KARMAKERSBRAAK
Ex hereditatem juxta pontem Kermekersbraeke 1447 (HH 139).
Afgeleid van een beroepsnaam.
KASPARSERF
Arbeidershuis hof en aangelegen bouwlanden onder Weibosch in de Berisakker genaamd Kasparserf N.1823.
Afgeleid van de PN Kasper of Kaspar.
KASSENERF
Kassenerf onder Weibosch 1816 (GA 141).
Mogelijk een verbastering van de PN Kas(per) ?
KASTEEL
Steenen huysinge oft Casteelken toebehoirende Heer Geerlincx van den Bossche (bij de gemeynt van Schijndel op Middelroois grondgebied….was dit misschien ten Roden?) 1643 (NvdH 11 fol.174v); onder Elschot ontrent den Casteele van Heeswijck 1646 (RA 74 fol.79); het plein voor de poort van Kasteel Seldensaat (Schijndelse gemeynt) 1667 (NvdH 15 fol.192v); een campken hoylants onder Delschot ontrent den Castele van Heeswijck andere zijde de Clarissenhoeve 1704 (RA 146 fol.150v); huis stal schuur zomerverblijf of kasteeltje boomgaard tuin bouw - wei - en hooilanden ter plaatse Nonnenbosch – de voorschreven percelen zijn te aanvaarden te weten het zomerverblijf en 20 roeden grond in den omtrek van gebouw en de molen huis hoef duiker en korte dreven bij betaling der koopsom, de perceelen weiland genaamd het Achterste Eeuwsel, de Heikampen en de Oude Weide, benevens het land rondom het zomerverblijf of kasteeltje 15 oktober; den tuin bouwland genaamd het Hopveldje en het weiland genaamd de Varkensdries N.1877; A 259 - A 264, A 365a, A 369 - A 371, A 374, A 378, A 380, A 2447 - A 2450, A 2511 - A 2512 (10.89.50). Bij herleiding blijkt het volgende: A 2447 en 2428 = A 364, A 2449 en 2450 = A 365, A 2511 en 2512 = A 372.
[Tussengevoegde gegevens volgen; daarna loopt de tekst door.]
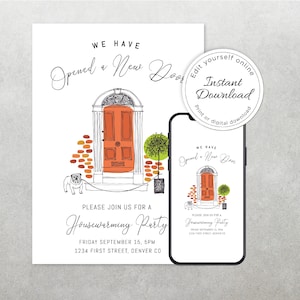 We Have Opened a New Door! Editable and Customizable Housewarming Invitation Template - Edit directly in browser - Print or text/email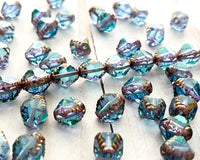 Bicone Beads Fancy Cut Antik Czech Glass 10x8mm Aqua Blue Violet Mix with Bronze Edge 0EVE1269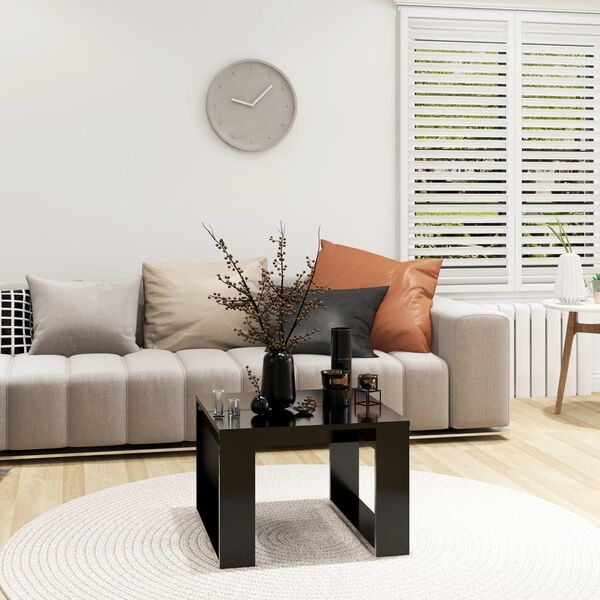 vidaXL Príručný stolík, čierny 50x50x35 cm, kompozitné drevo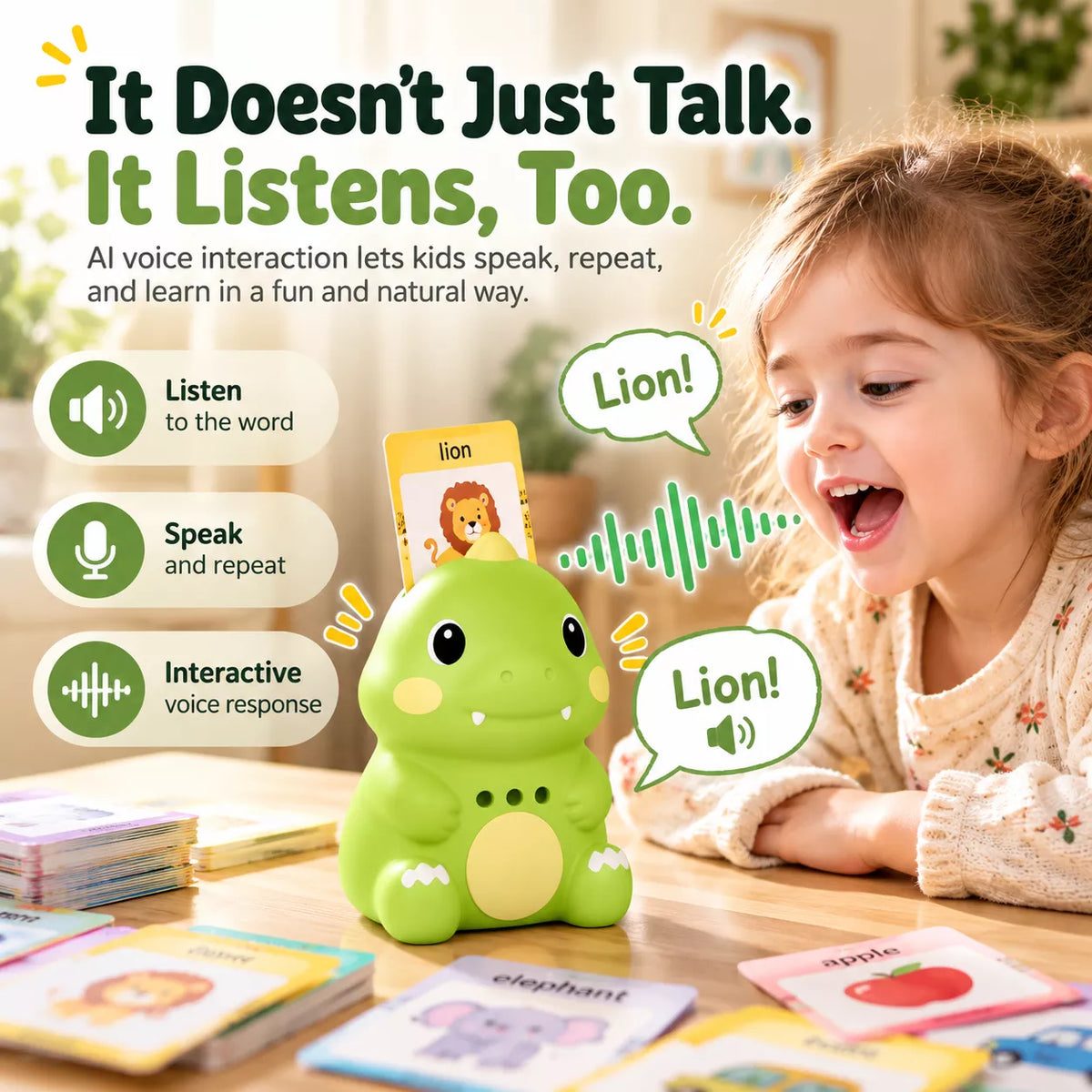 Talking Flash Cards Learning Toy – Interactive Vocabulary Reader for Kids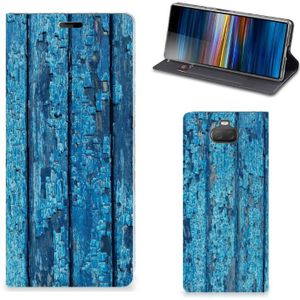 Sony Xperia 10 Plus Book Wallet Case Wood Blue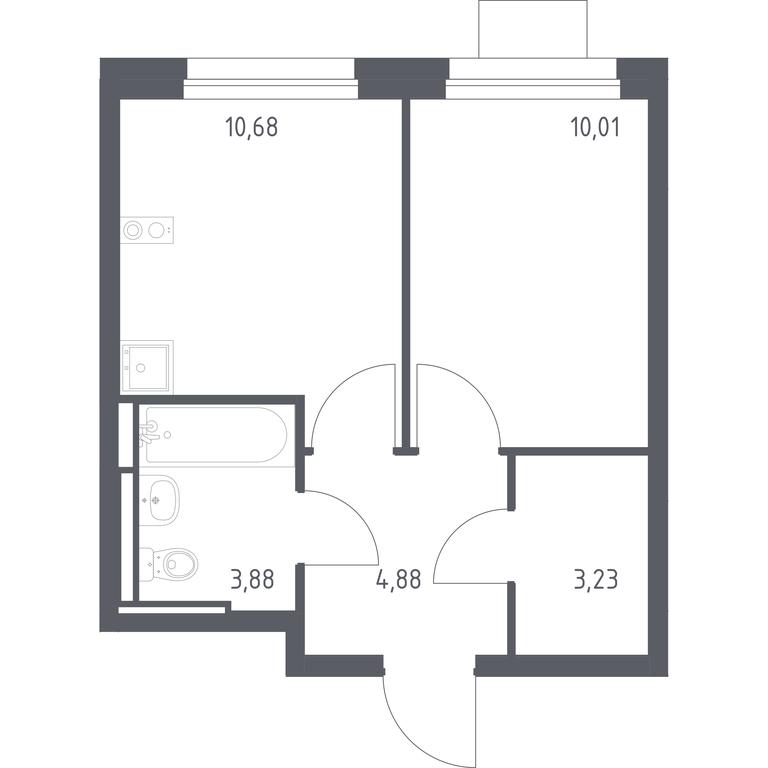 Apartment Sale, 32.68 sq. m. at Pribrezhnyi Park, Pribrezhniy Park Residential Complex, Village of Yam, Domodedovo City District, Moscow Region, Russia #1
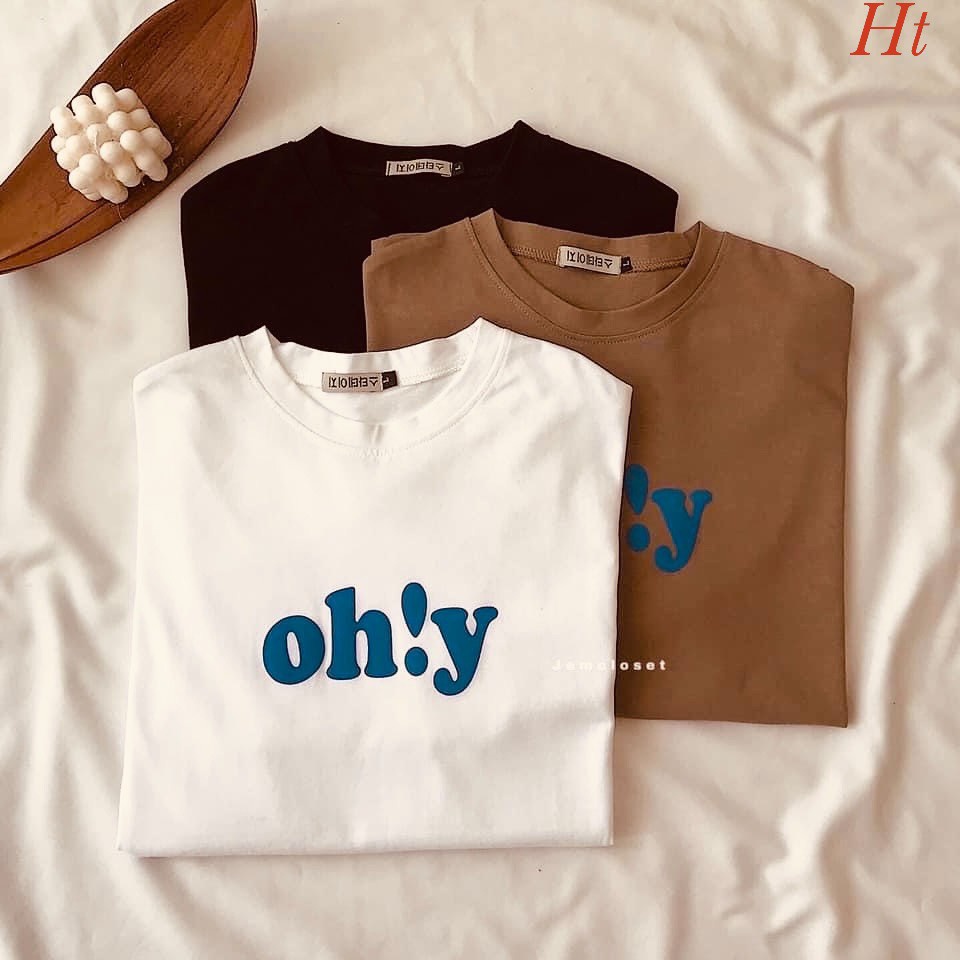 Áo phông Oh!Áo Phông Ulzzang Nữ Ngắn Tay Dễ ThươngChất Liệu Su Cotton Mịn Mát, Mềm Mại Khôn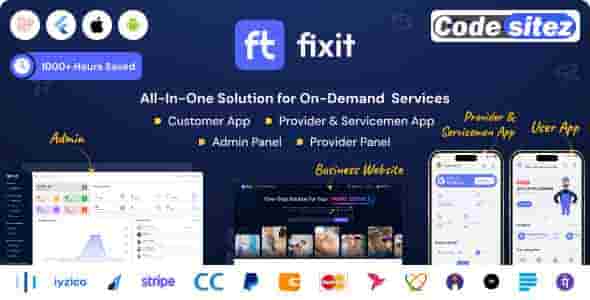 Fixit Nulled | Multi Vendor On Demand, Handyman, Home service Flutter App with Admin Solution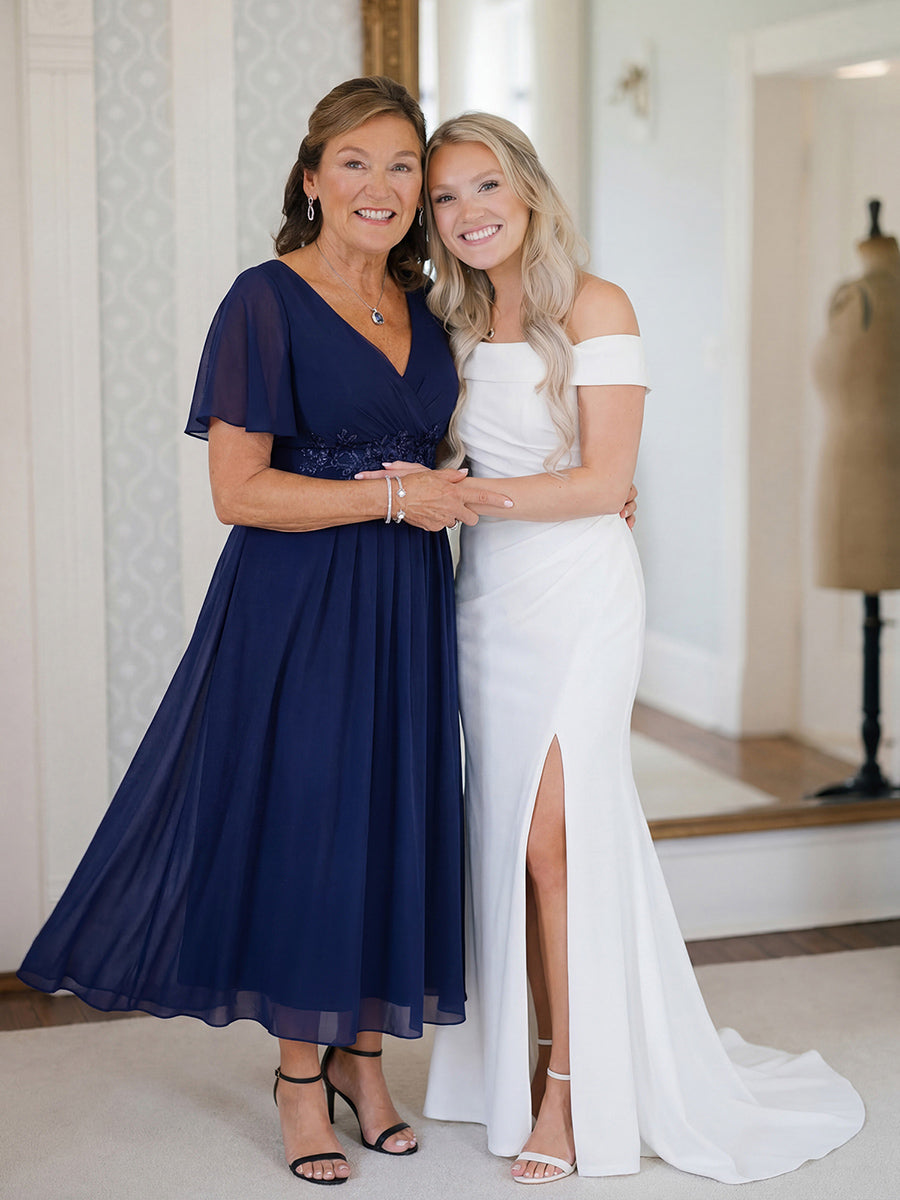 Robe d'invité de mariage mi-longue en mousseline à col en V avec appliques à la taille #Couleur_Bleu Marine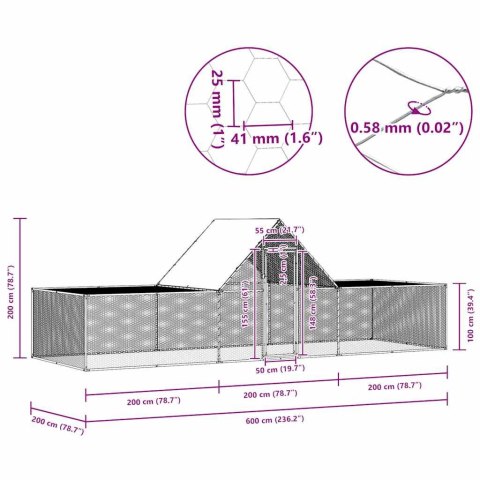 WOLIERA DLA KUR 6X2X2M GALWANIZOWANA STAL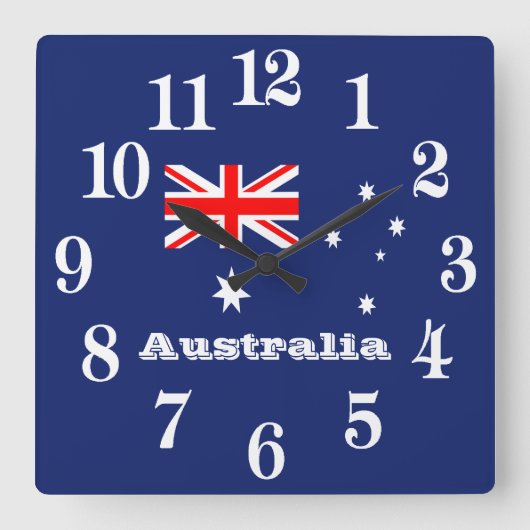 Flagge von Australien Quadratische Wanduhr (Vorderseite)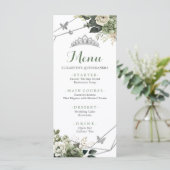 Sage Groen Bloemen Prinses Quinceañera 15e Menu (Staand voorkant)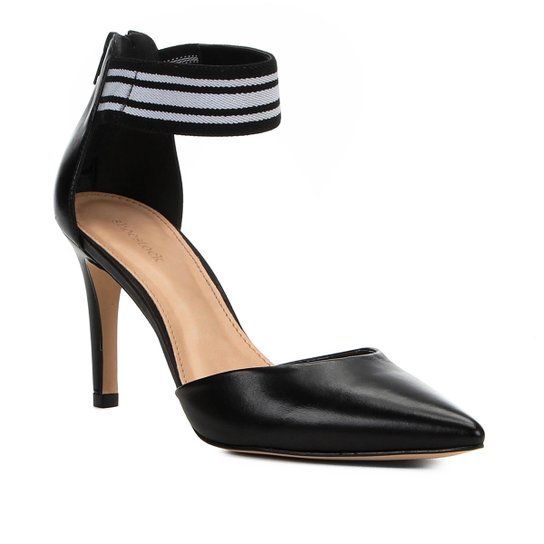 Scarpin Couro Shoestock Salto Médio Gorgorão - Preto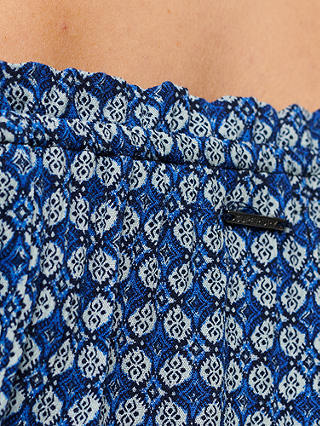 Superdry Smocked Short Sleeve Crop Top, Mini Geo Blue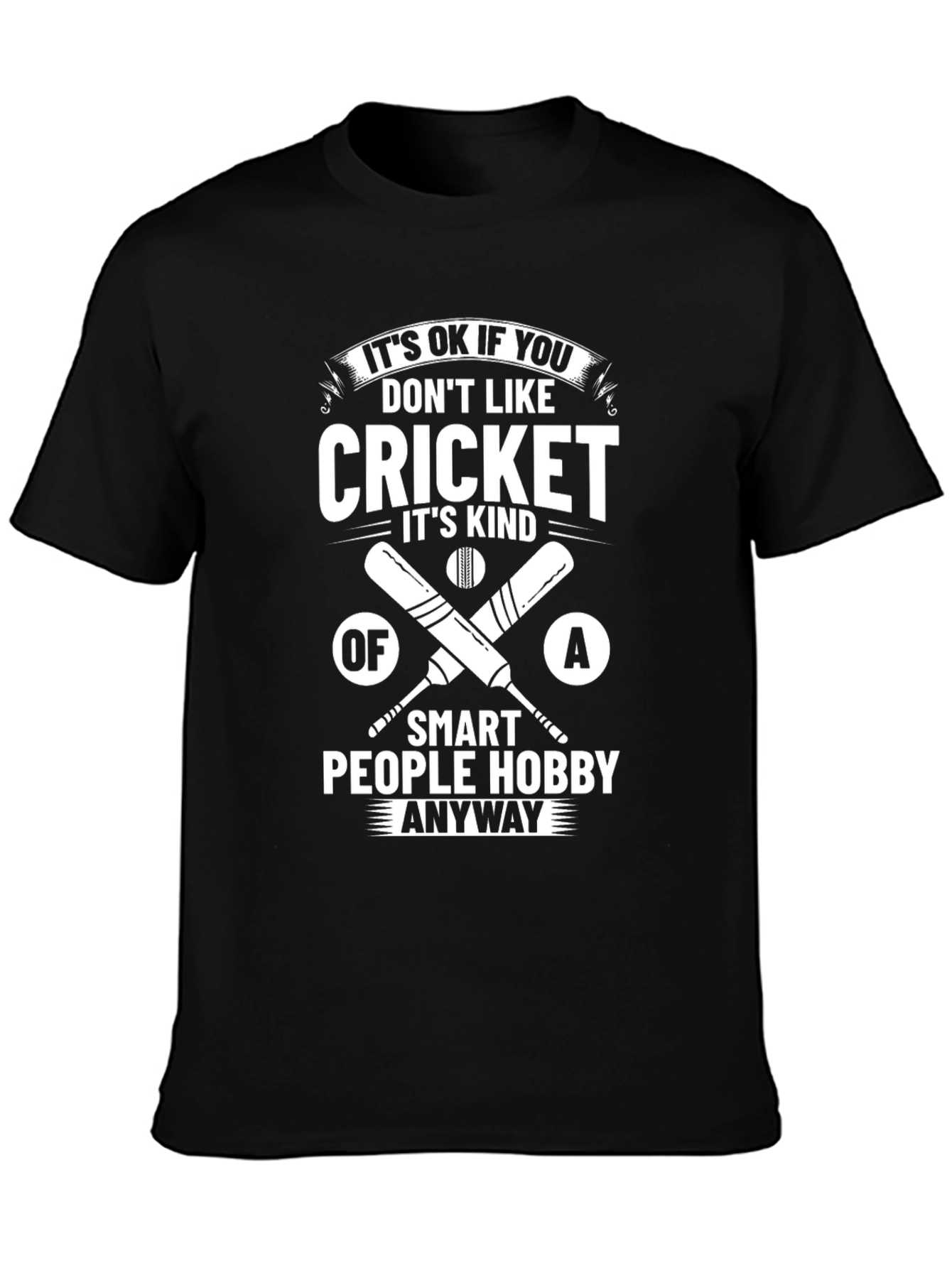 Black Funny Cricket Lover T-Shirt - Smart People Hobby Tee view 3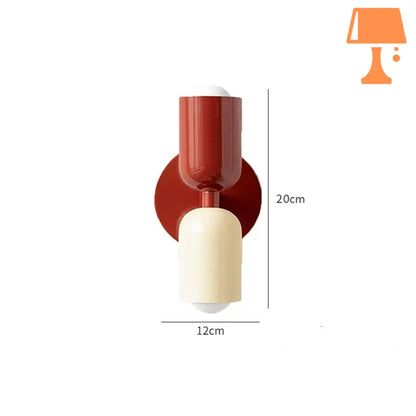 lampe de chevet rouge et blanc mesure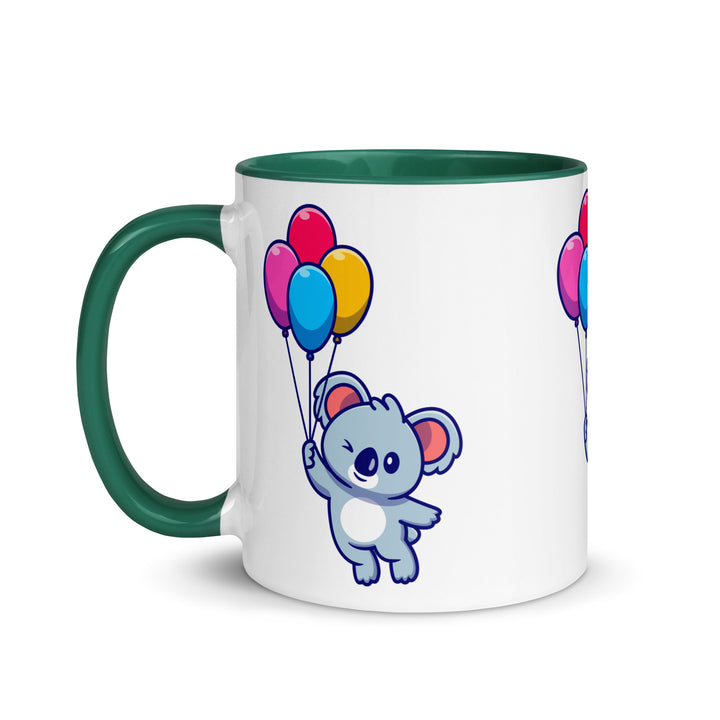 Koala with Balloons Mug with Color Inside - ArtyKoala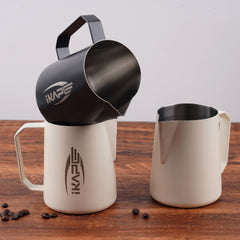 Walnut wood espresso tamping station detail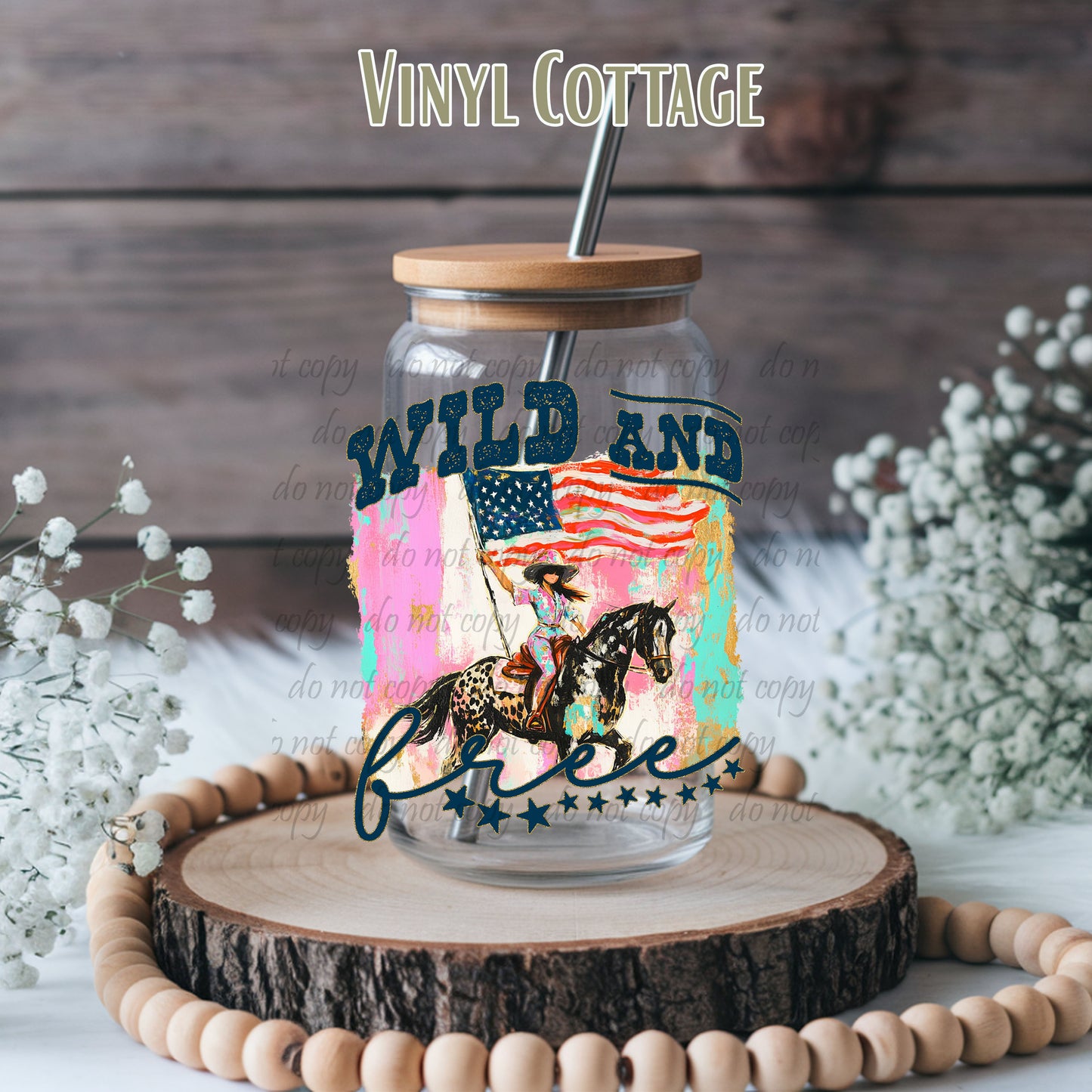 Wild and Free Cowgirl ~ SAG26 ~ UV DTF Decal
Een zomerverblijf of "kasteeltje" ter plaatse in het Nonnenbosch van de fam. Sopers, (Not. Arch. 1877). Het als eerste genoemde kasteeltje was volgens een getuigenverklaring door krijgsvolk platgebrand.
KEESKESHEG
Onder Lutteleynde ter plaetse genoemt aen Kieskenshegge 1690 (RA 93 fol.67v); inde Papenthiende genaemt aen Keeskenshegge 1705 (RA 146 fol.156); aen Keeskenshegge off Ottenacker ene einde het Gasthuys van Den Bosch 1718 (RA 198 fol.7); onder Lutteleijnde in de Pastoorstiendt aen Keeskensheg 1733 (RA 101 fol.209); onder het Lutteleijnt neffens Ceeskensheg 1770 (RA 166 fol.195v); twee akkers teulland gelegen op de Akkers aan Keeskensheg omtrent de Drie Haringen drie loopense 1795 (RA 179); een stuk bouwland onder Weibosch op de Akkers aan den Binnenpad genaamd Keesjesheg N. 1832.
Er bestaan wat varianten als kesel, keisel, kesie die duiden op kiezelstenen, hetgeen dus te maken heeft met de bodemgesteldheid nl. de hinderlijke aanwezigheid van een grintsubstrraat. Kees zou een diminutief of verkleinwoord zijn van kei ( Verwijs & Verdam:1400, Kiliaan:29o, Lindemans 1952). Of was het een heg waar in de buurt een ‘keske’,het dialectische woord voor een kastje, hing met een beeldje erin?
KEIENDAAL
Land dat Keijendael 1388 (BP 1178); onder Lutteleijnde land Keijendael 1425 (BP 1195); een stuk land op Koyendael 1450 (IS 26); een akker genaamd Keyendael 1451 (IS 26); uit land opt Hoge Velt bij de kerk en uit land dat Keijendael aldaar 1493 (BP 1262); land onder Lutteleijnde op Keijendael 1569 (CvB).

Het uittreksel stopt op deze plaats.